#### Source information:
_ _ _ _ _ _ _

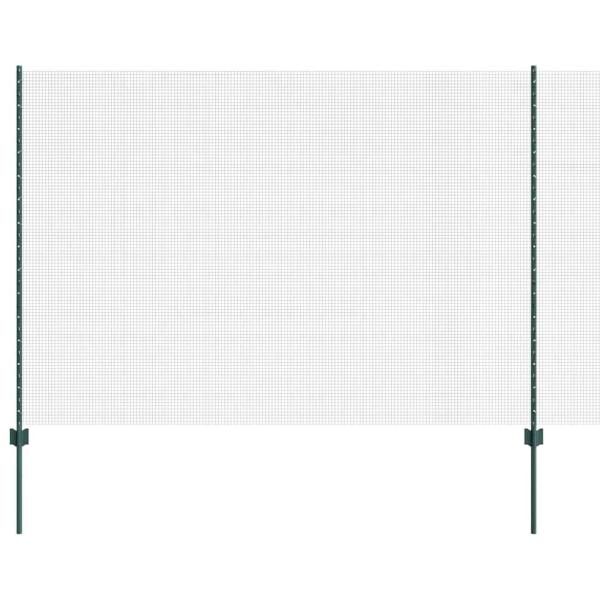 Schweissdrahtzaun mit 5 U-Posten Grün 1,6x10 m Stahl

_ _ _ _ _ _ _

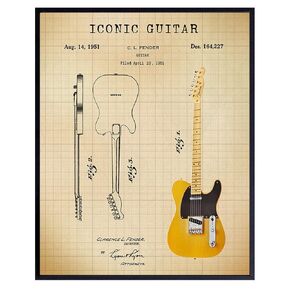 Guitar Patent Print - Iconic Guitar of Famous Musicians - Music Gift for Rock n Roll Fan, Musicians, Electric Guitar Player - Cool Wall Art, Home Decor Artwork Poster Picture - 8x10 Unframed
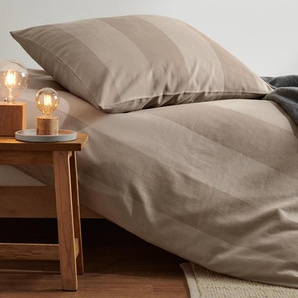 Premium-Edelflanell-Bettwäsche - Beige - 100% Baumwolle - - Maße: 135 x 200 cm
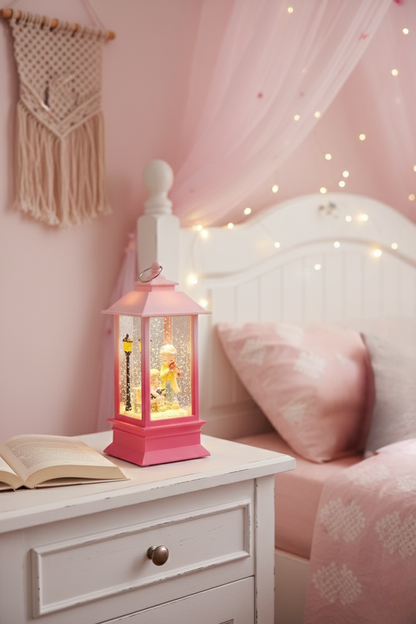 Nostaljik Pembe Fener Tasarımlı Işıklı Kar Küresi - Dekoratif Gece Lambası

_ _ _ _ _ _ _

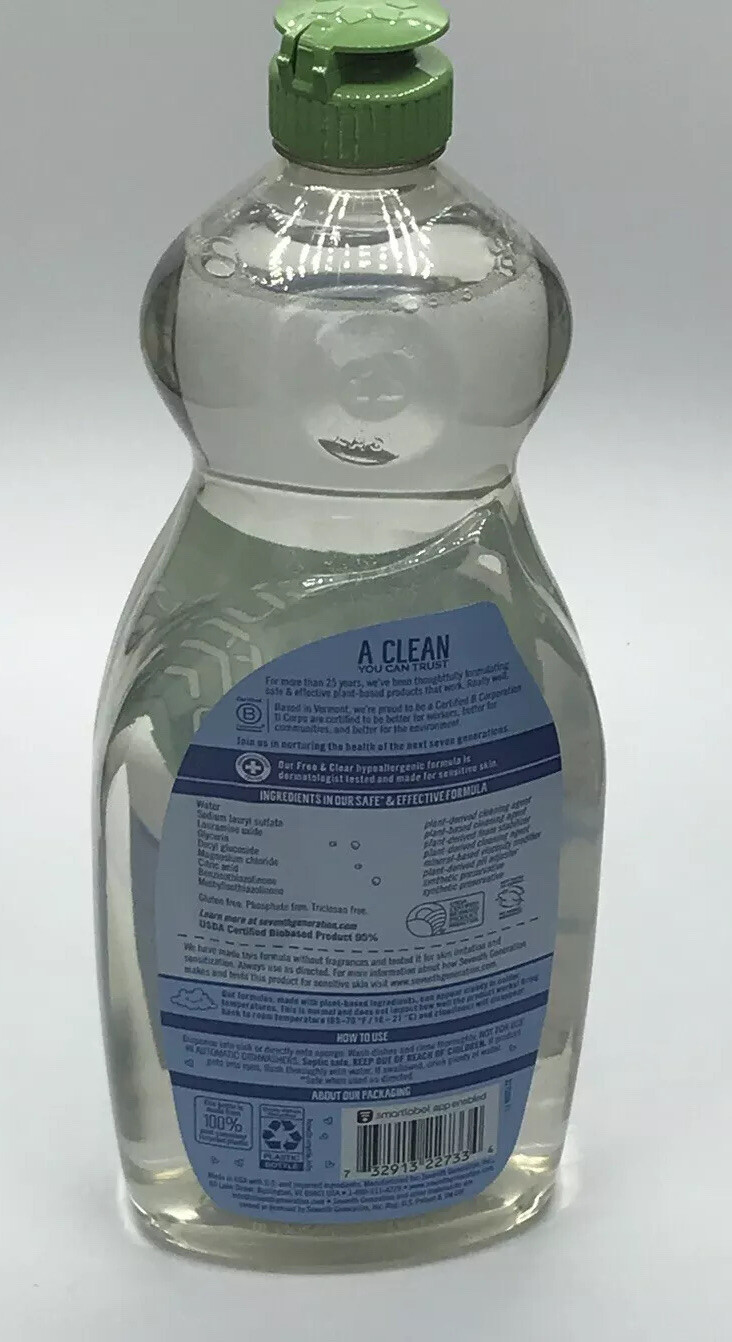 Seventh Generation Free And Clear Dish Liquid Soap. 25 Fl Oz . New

_ _ _ _ _ _ _

#### What the task requires:
Text only, no pictures: please print exactly the lines above from the line with "Guitar Patent Print" up to and including the line with "Premium-Edelflanell-Bettwäsche - Beige", and nothing else.

#### Output below:
 Guitar Patent Print - Iconic Guitar of Famous Musicians - Music Gift for Rock n Roll Fan, Musicians, Electric Guitar Player - Cool Wall Art, Home Decor Artwork Poster Picture - 8x10 Unframed
 Premium-Edelflanell-Bettwäsche - Beige - 100% Baumwolle - - Maße: 135 x 200 cm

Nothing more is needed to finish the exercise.